**What is expected:**
Print the listing below a second time, exactly, and omit its images.

**Data for this task:**

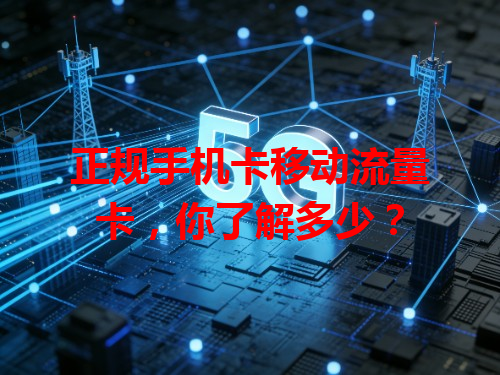 正规手机卡移动流量卡，你了解多少？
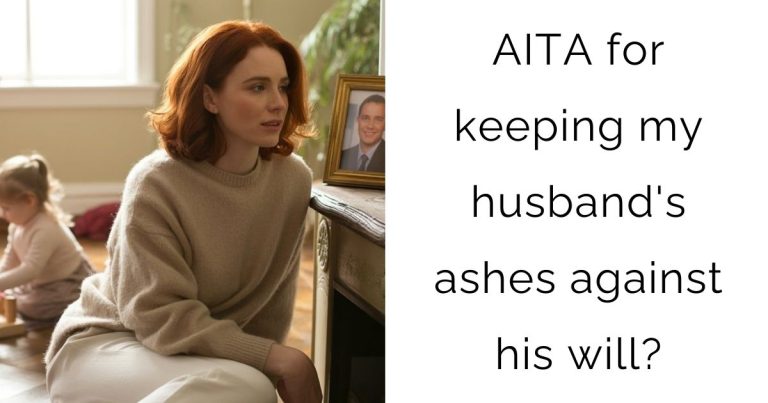 AITA for keeping my husband’s ashes against his will?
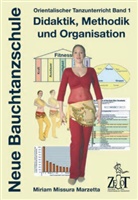 Miriam Missura Marzetta, Lars Hirt - Orientalischer Tanzunterricht Band 1: Didaktik, Methodik und Organisation. Bd.1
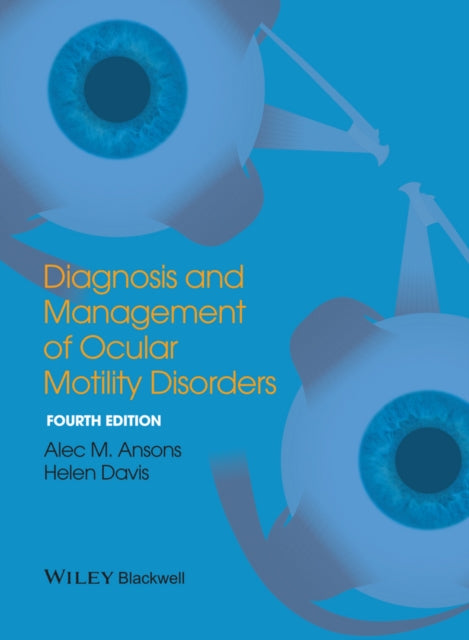 Book cover of: Diagnosis and Management of Ocular Motility Disorders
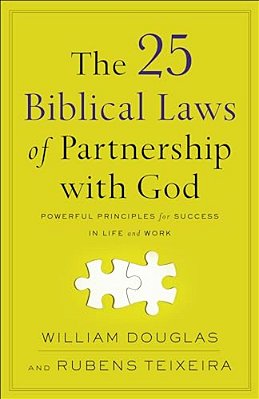 The 25 Biblical Laws Of Partnership With God: Powerful Principles For Success In Life And Work-..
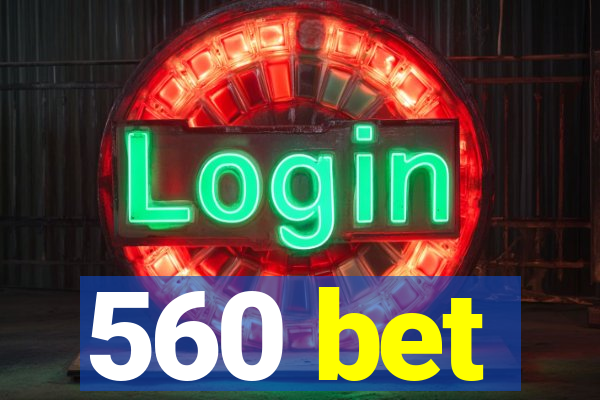 560 bet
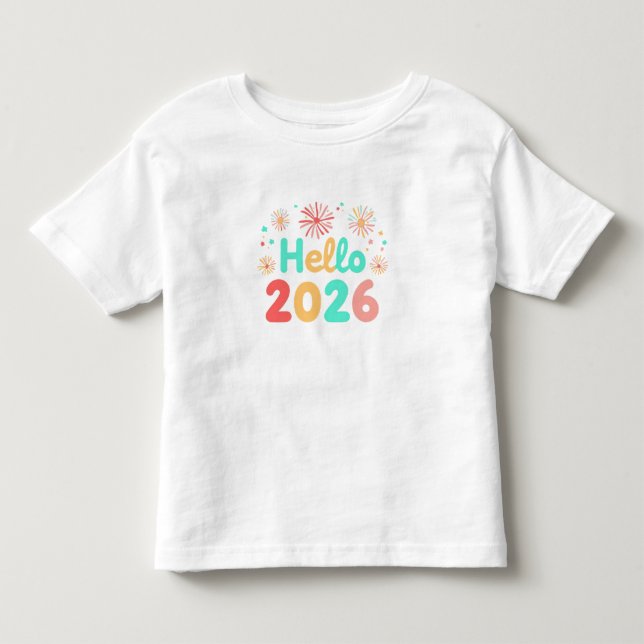 Hello 2026 Toddler Girl T-Shirt | Cute New Year  (Front)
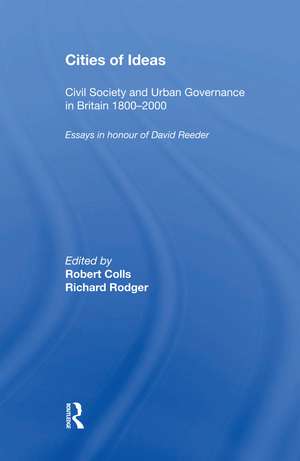 Cities of Ideas: Civil Society and Urban Governance in Britain 1800�2000: Essays in Honour of David Reeder de Robert Colls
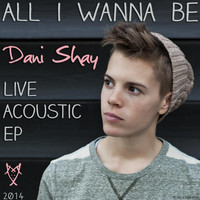 Dani Shay - All I Wanna Be: Live Acoustic EP
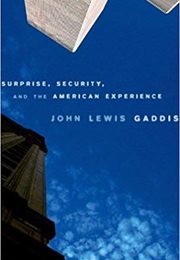 Surprise, Security, and the American Experience (John Lewis Gaddis)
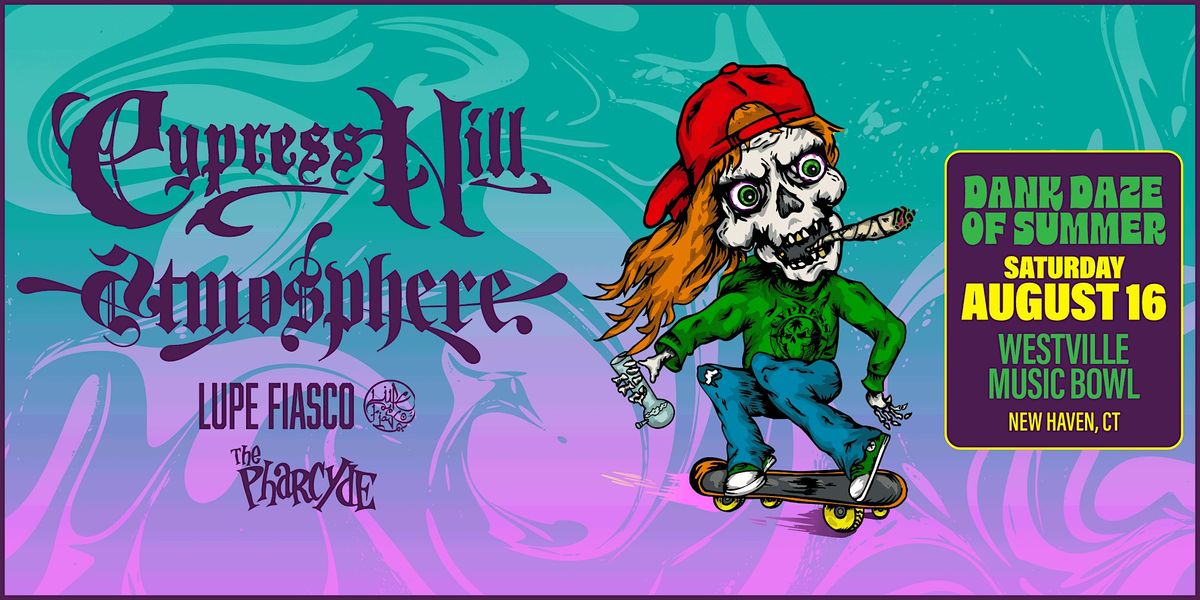 Cypress Hill & Atmosphere: Dank Daze of Summer Tour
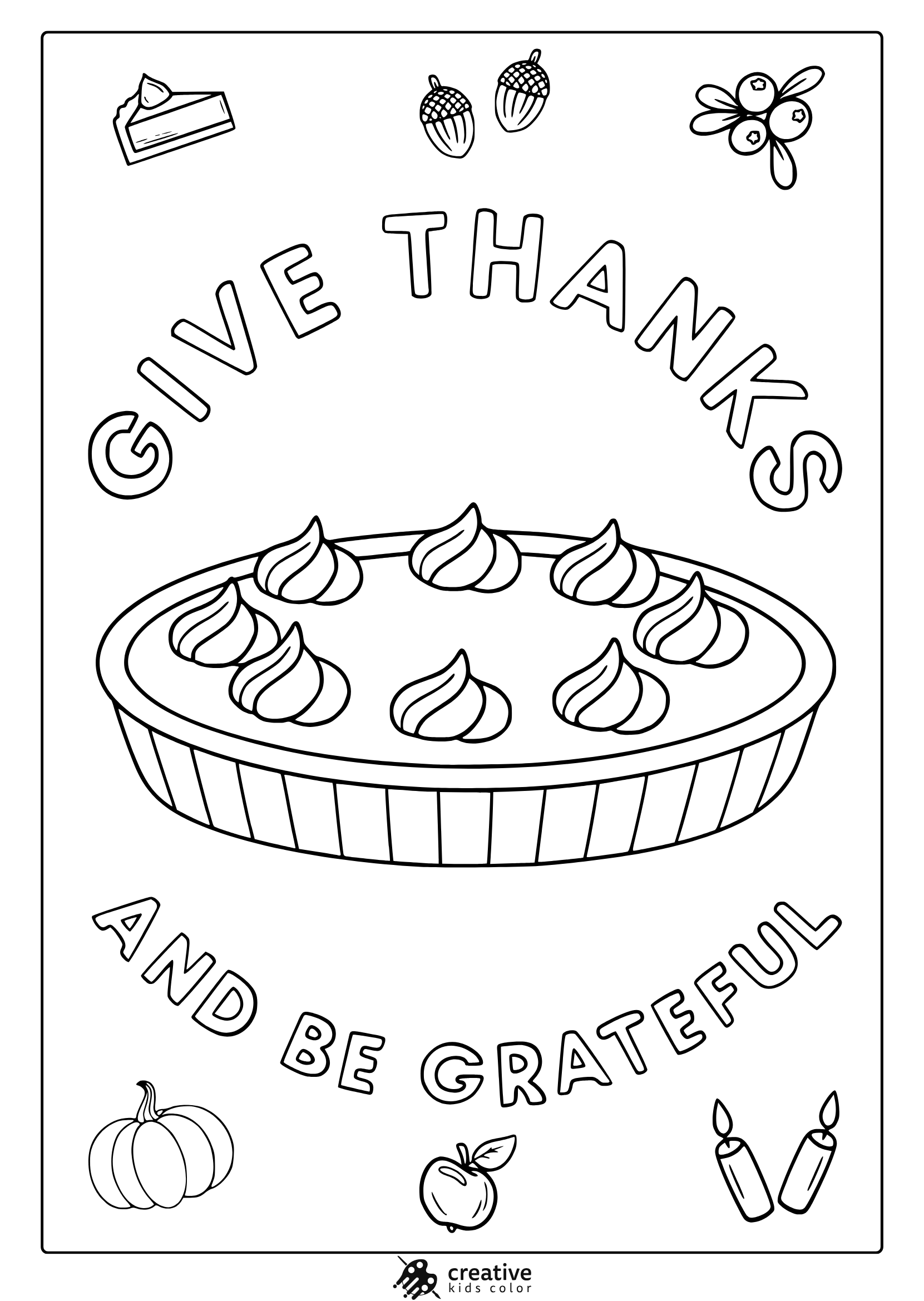 Give Thanks and Be Grateful coloring page with pie, acorns, apple, candles, and harvest decorations.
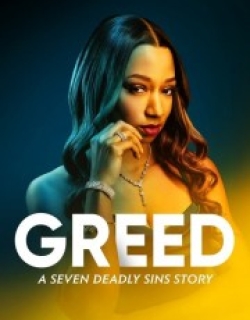 Greed: A Seven Deadly Sins Story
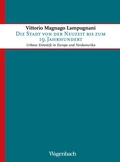 Cover: Die Stadt von der Neuzeit bis zum 19. Jahrhundert - Wagenbach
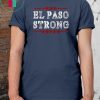 Buy El Paso strong shirt #ElPasoStrong Tee Shirt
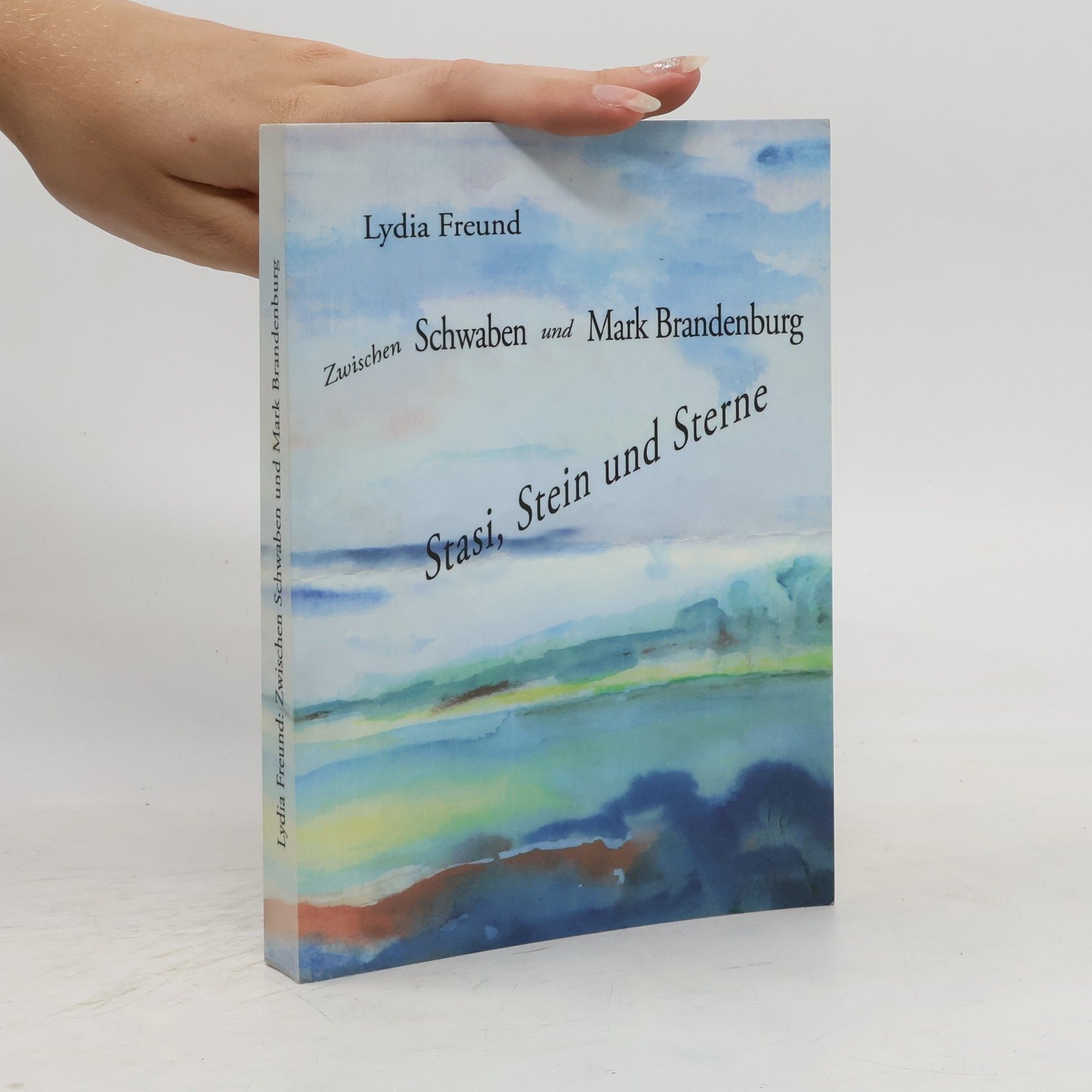 Lydia Freund Zwischen Schwaben und Mark Brandenburg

**Your solution:**
 正规手机卡移动流量卡，你了解多少？
 AITA for keeping my husband’s ashes against his will?
 Miriam Missura Marzetta, Lars Hirt - Orientalischer Tanzunterricht Band 1: Didaktik, Methodik und Organisation. Bd.1
 Book cover of: Diagnosis and Management of Ocular Motility Disorders
 The 25 Biblical Laws Of Partnership With God: Powerful Principles For Success In Life And Work-..
 560 bet
 Hello 2026 Toddler Girl T-Shirt | Cute New Year  (Front)
 Cities of Ideas: Civil Society and Urban Governance in Britain 1800�2000: Essays in Honour of David Reeder de Robert Colls
 Dani Shay - All I Wanna Be: Live Acoustic EP
 Surprise, Security, and the American Experience (John Lewis Gaddis)
 Cypress Hill & Atmosphere: Dank Daze of Summer Tour
 Give Thanks and Be Grateful coloring page with pie, acorns, apple, candles, and harvest decorations.
 Greed: A Seven Deadly Sins Story
 Cover: Die Stadt von der Neuzeit bis zum 19. Jahrhundert - Wagenbach
 Buy El Paso strong shirt #ElPasoStrong Tee Shirt
 Lydia Freund Zwischen Schwaben und Mark Brandenburg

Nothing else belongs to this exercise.